The testimony from the trial is what we’d expect. Athletes take the stand and testify about the hours spent as athletes compared to the hours spent as students and we go over the list of scandals that have rocked the NCAA in recent years, including North Carolina, where athletes took sham classes in order to stay eligible and graduate.
And then the NCAA says that since athletes sign form 08-3a they have no rights, so they have no rights to their images. For the NCAA it’s that simple.
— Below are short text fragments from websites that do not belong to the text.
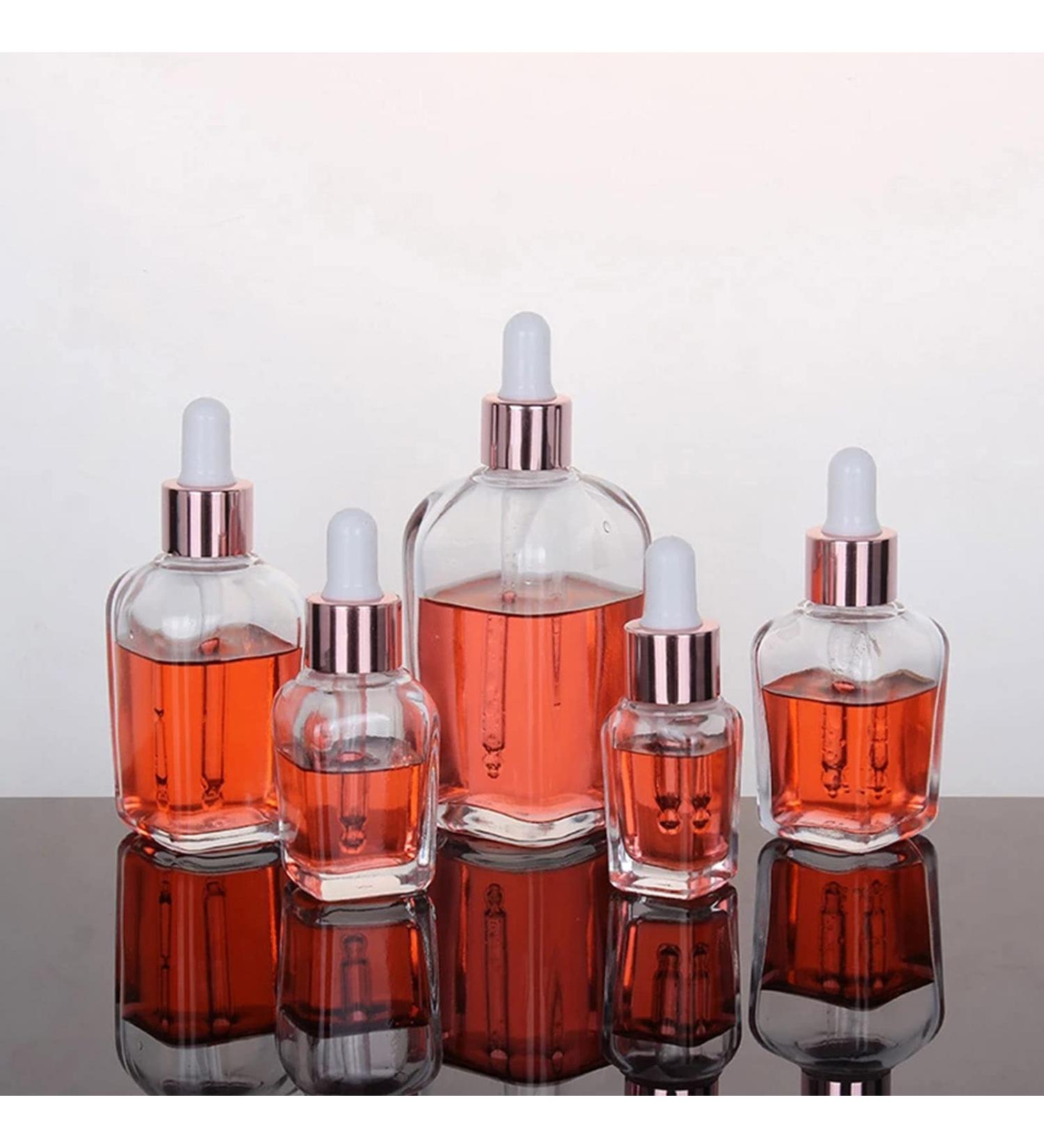 WZCXYX 5pcs 10ml-100ml Transparent Tubes Dropper Bottles Aromatherapy Liquid for Massage Essential Massage Pipette Reducible Bottles Rose Gold Gold - Buy Online on GoSupps.com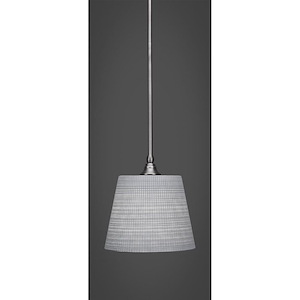 Stem - 1 Light Stem Mini Pendant With Hang Straight Swivel-10 Inches Tall and 10 Inches Wide
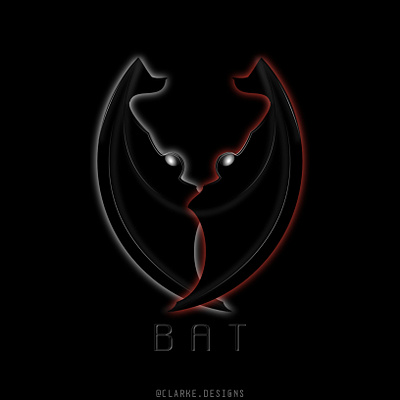 Bat logo branding forest graphic design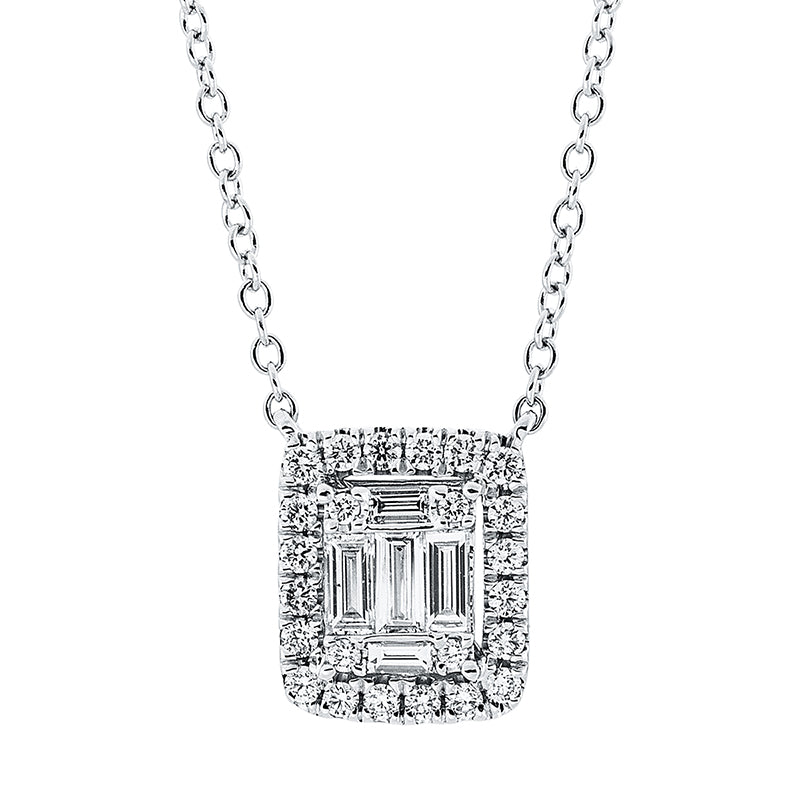Collier    aus 750/-18 Karat Weißgold mit 29 Diamanten 0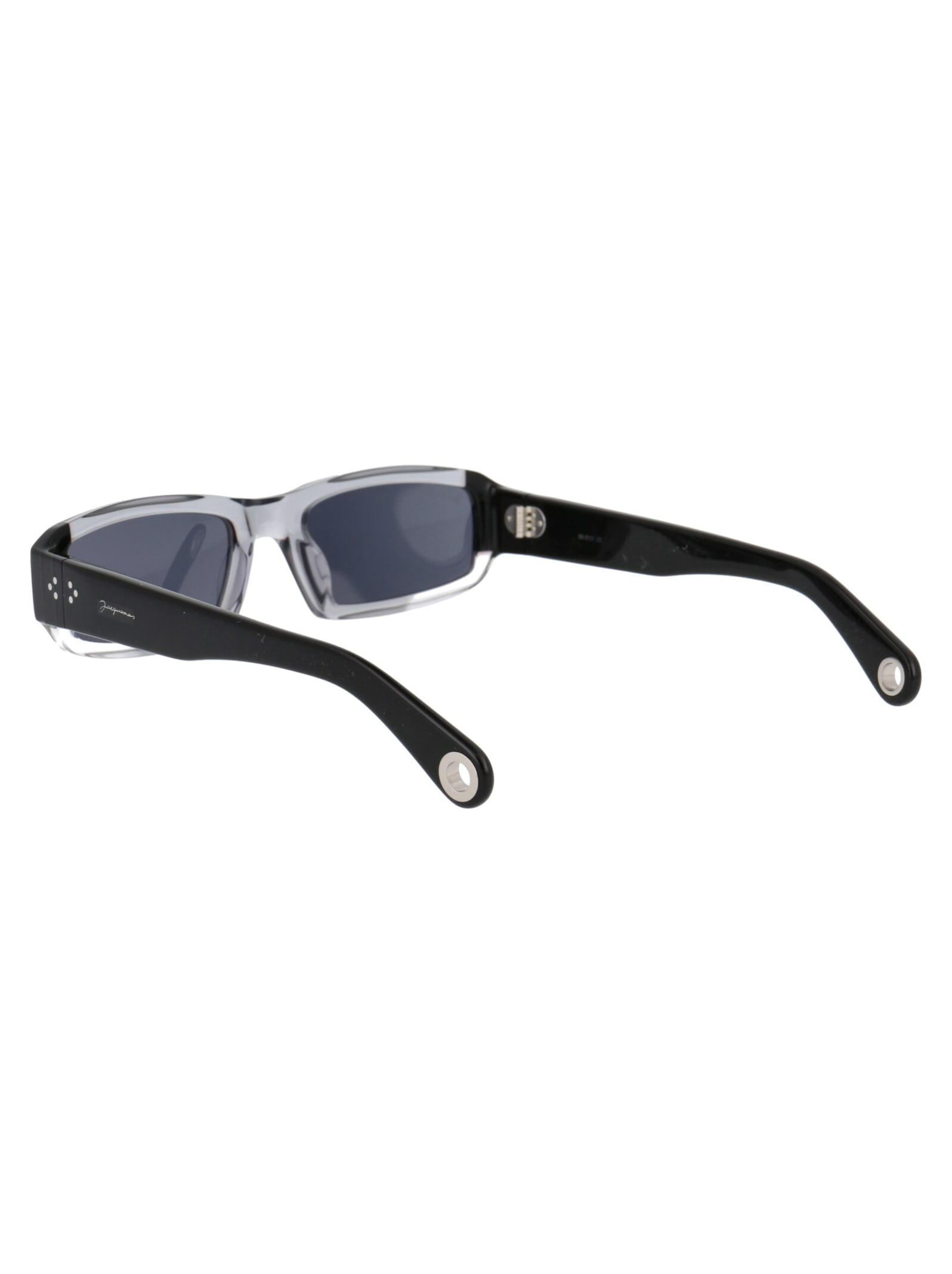 Shop Jacquemus Les Lunettes Altu Sunglasses In Multi Black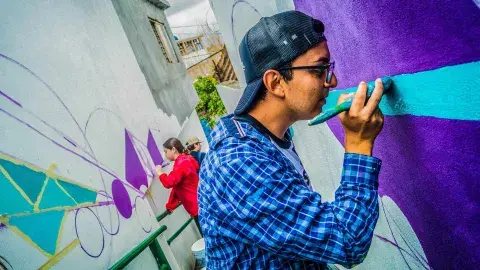 "Colosal", el proyecto de mejoramiento urbano multicolor (fotogalería)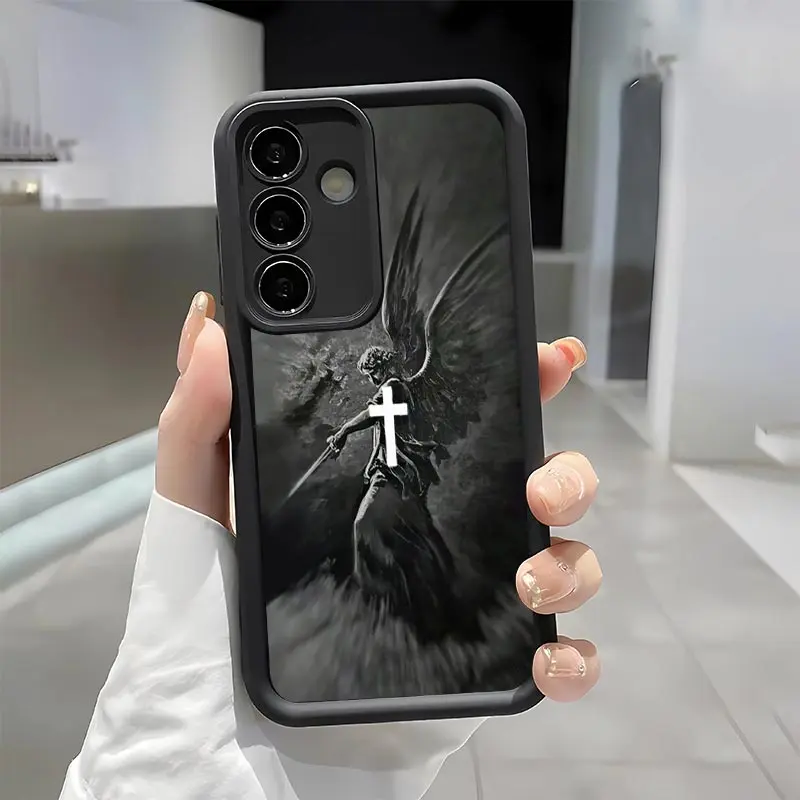 The angel whoap pearedto Balaam Soft&Flexible TPU Silicone Phone Case For Galaxy S26 Ultra S25 Edge S24 FE S23 S22 S21 Plus A13 A14 A15 A16 A17 A33 A34 A35 A36 A52 A53 A54 NOTE20 Durable|Shockproof|Full Camera Protection|Anti-Fingerprint summerwins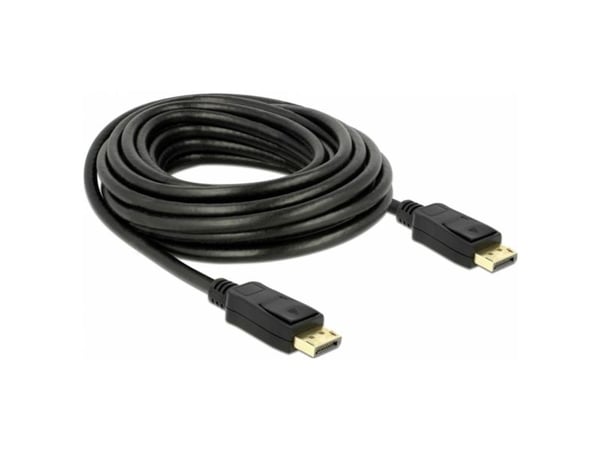 Delock - Skjermkabel - DisplayPort (hann) til DisplayPort (hann) - DisplayPort 1.2 - 7 m - svart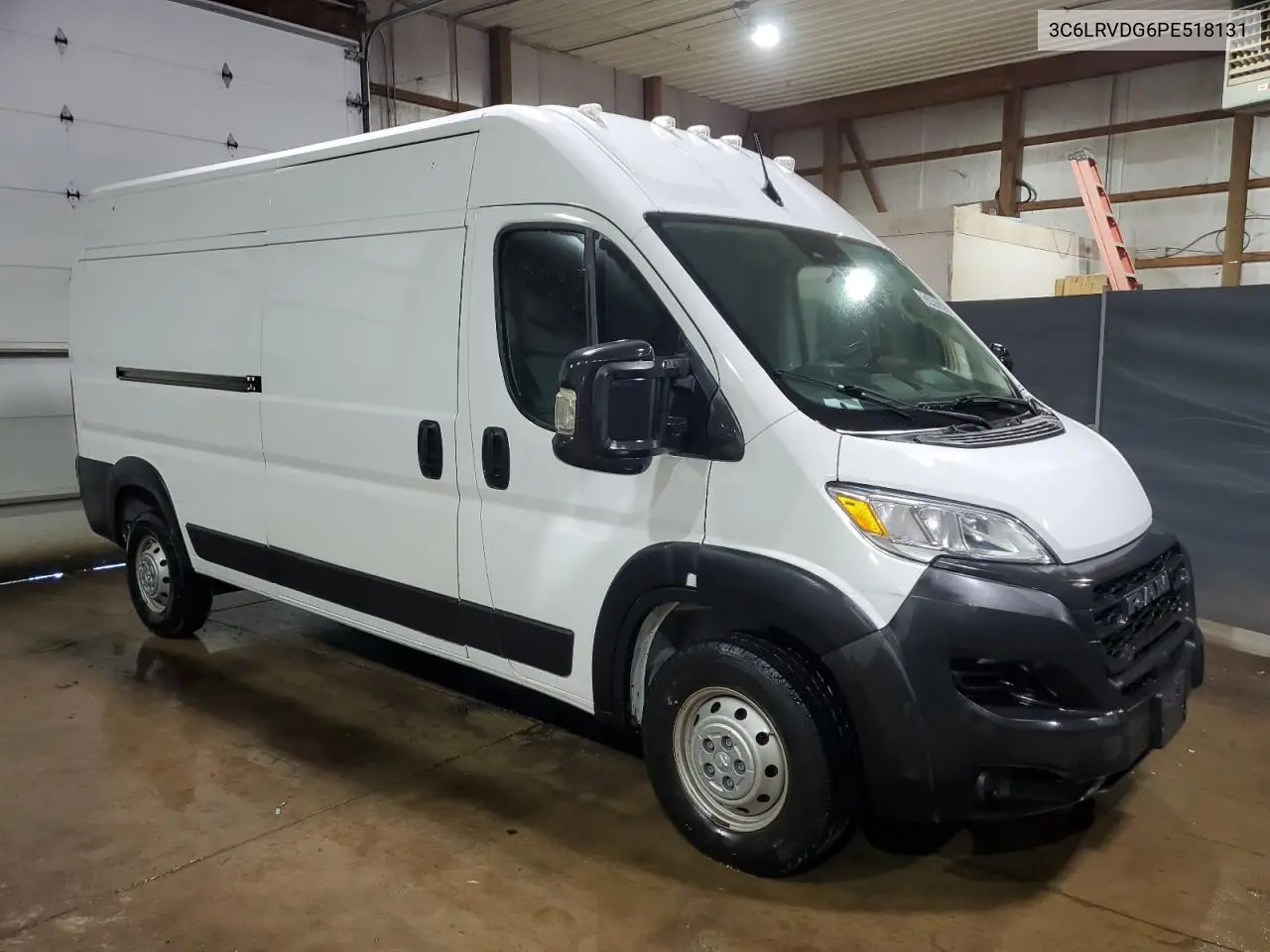2023 Ram Promaster 2500 2500 High VIN: 3C6LRVDG6PE518131 Lot: 63498995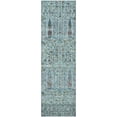 thumbnail image 2 of Addison Rugs Mayfield Premium Machine Washable Transitional Americana Teal Runner Rug, 2'3" X 7'6" Machine Washable Transitional Americana Teal Oversized Sherpa Throw Blanket, 2 of 6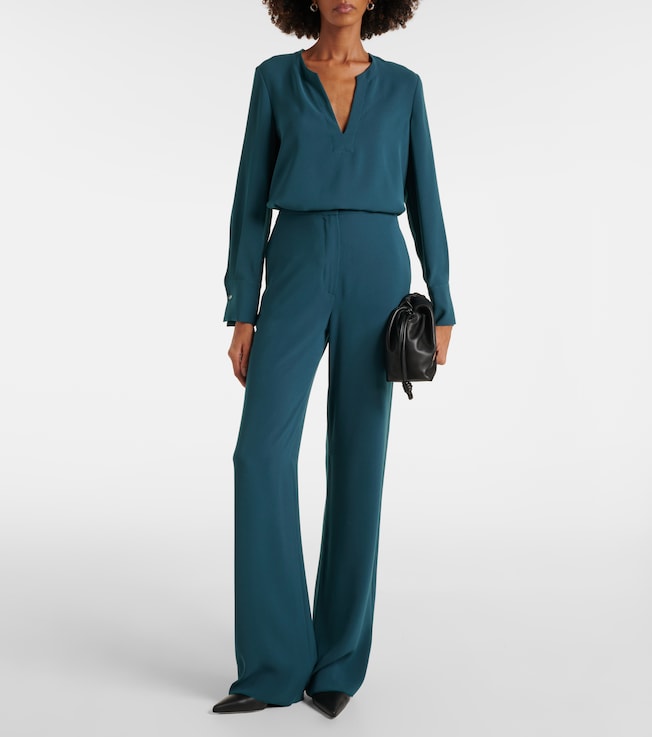 Max Mara Medusa high-rise straight pants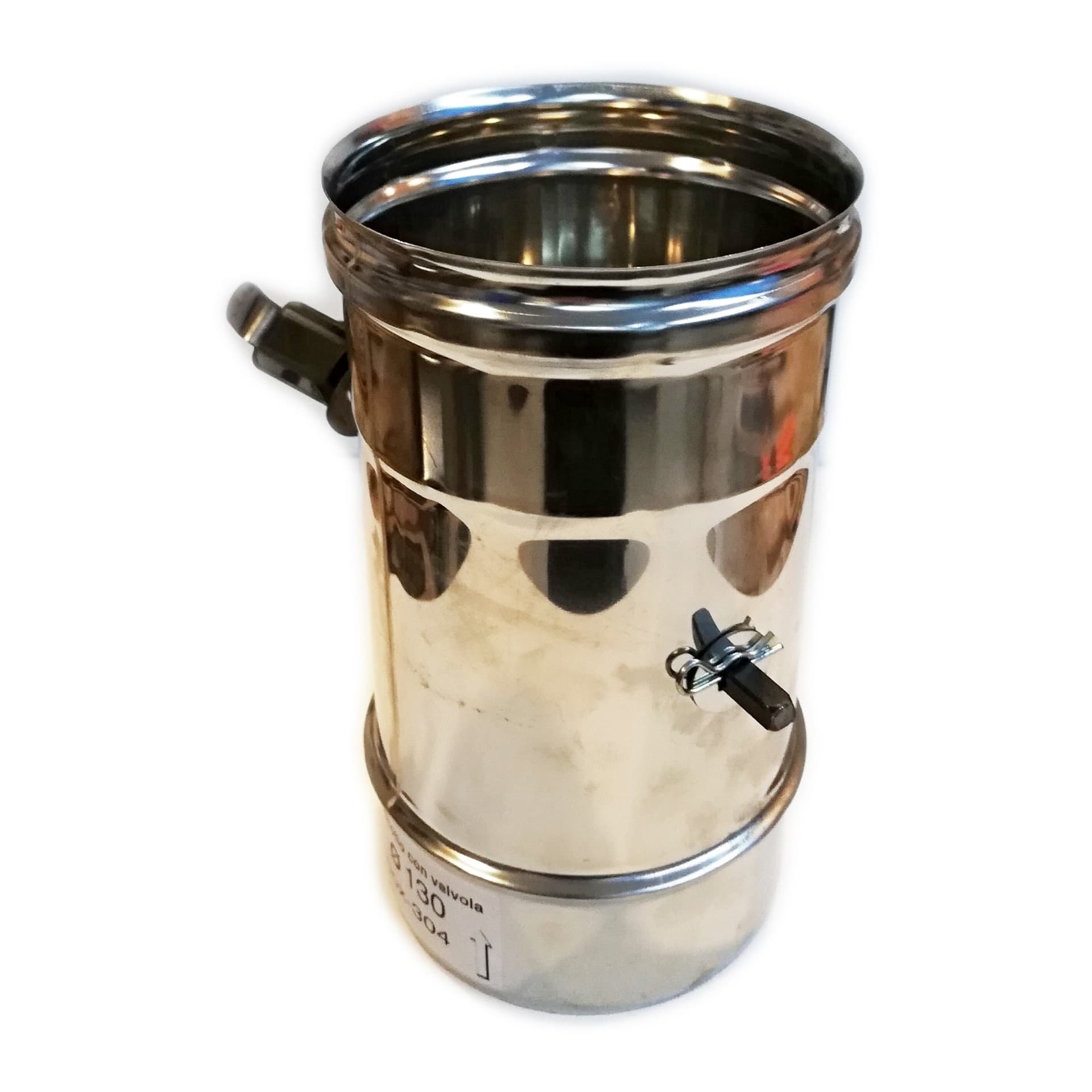 Manicotto MF inox AIR AISI 304 da 250mm con valvola manuale e chiusura quasi totale in Tubi di scarico Aloiserw.com - Altomonte, commercioVirtuoso.it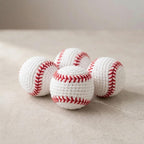 Gehäkelte Sportbälle Set – Fußball, Basketball, Football – Amigurumi Dekoration, 3,5 Zoll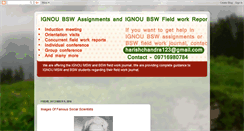 Desktop Screenshot of ignou-bsc.blogspot.com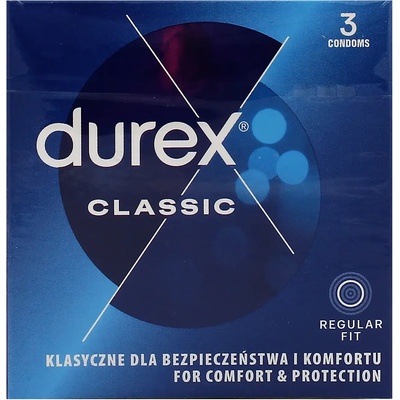 Durex Classic презервативи 3 бр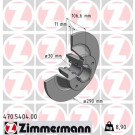 ZIMMERMANN Bremsscheibe | 470.5404.00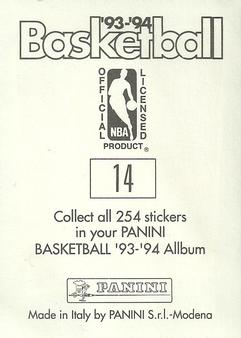 1993-94 Panini Stickers #14 Gary Grant  Back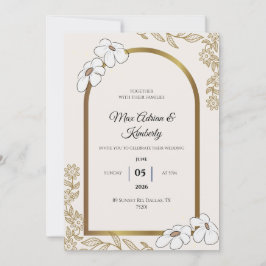 Convites de Casamento Elegantes | Designs Minimali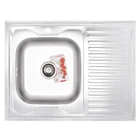 Мийка кухонна Zerix Z8060L-08-180E (Satin) (ZS0604) (00149717)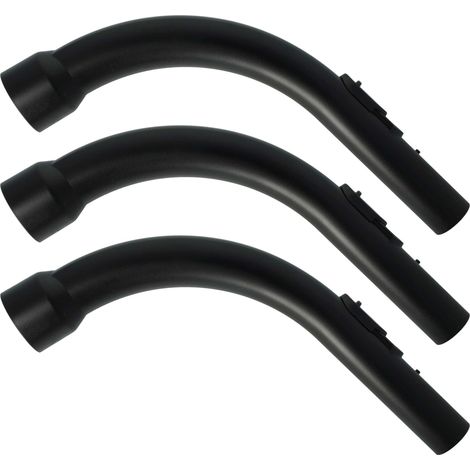 vhbw 3x Griff kompatibel mit Miele S6240, S6250, S6260, S6270, S624, S626 Staubsauger - Handgriff, Ersatzteil, 35 mm Anschluss, 34 cm Lang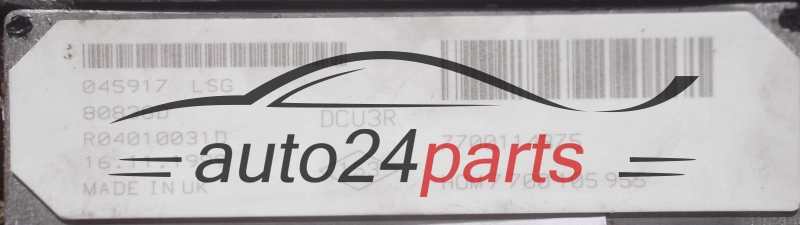 KOMPUTER STEROWNIK SILNIKA RENAULT CLIO MEGANE 1.9 D LUCAS R04010031D, HOM 7 700 105 955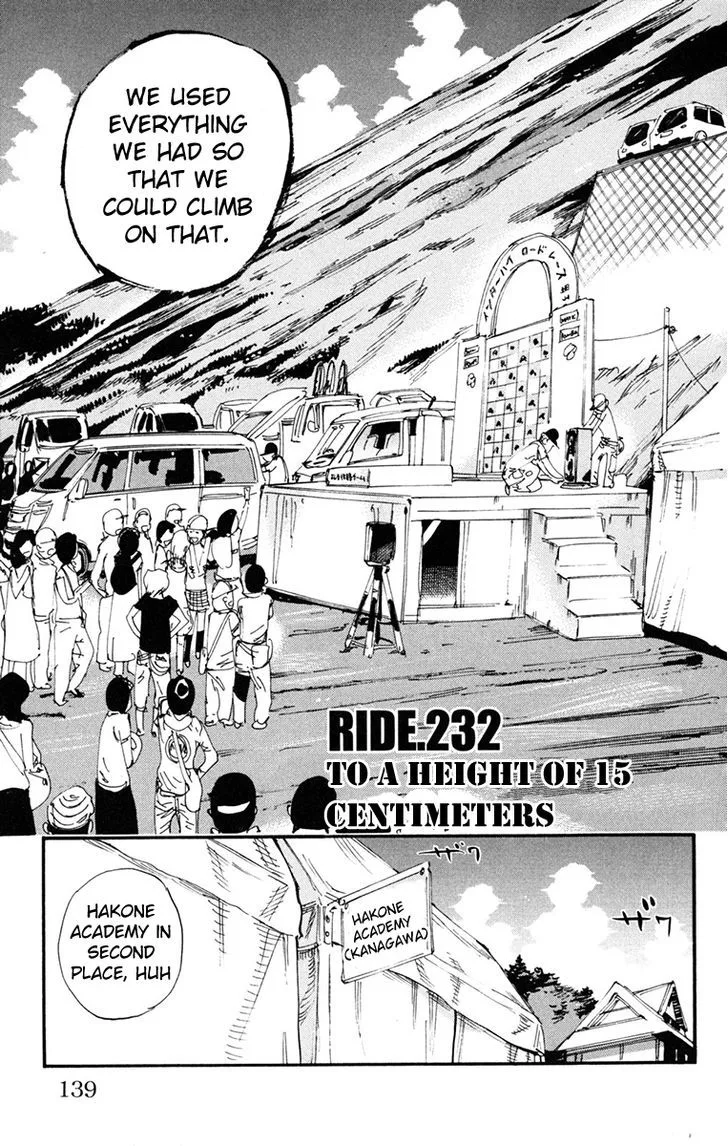 Yowamushi Pedal Chapter 232 page 5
It’s hard to make that a staple to stand on and win media approval. But the NCAA doesn’t care about media approval, the NCAA cares about winning this case. The organization can say little that will affect how fans watch the games they love. Fans are going to watch Alabama play next year, no matter what happened to a wide receiver who made a wonderful play in 2005. He’s forgotten now. The truth is, the players, to the NCAA, are not as important as the conferences and the schools. The players keep leaving; the institutions remain. The players are not only replaceable; they constantly must be replaced. It’s all a matter of perspective. For the plaintiffs, the athletes, the case is about recognizing that athletes are at universities to compete athletically, that they are the reason fans come to watch games and networks pay billions of dollars to broadcast the games they athletes play. To the NCAA, the athletes are disposable pieces that fill out the uniforms that represent the specific teams and conferences that exist in the organization. Fans are paying to watch the teams and not the athletes. Therefore, athletes must be forced to give up their rights to their images on their first days on campus because keeping those rights would make it more difficult to maintain all their rules for eligibility. For the NCAA, this is an administrative issue.
This fits. Interview after interview of athletic administrators consistently returned the same answer when asking the question about allowing athletes to keep their rights to publicity.
“It would create a nightmare,” was the constant reply. “How would we keep track of who was doing what?”
How does the NCAA sell that to the media? They don’t. They just hope their argument makes sense to the judge.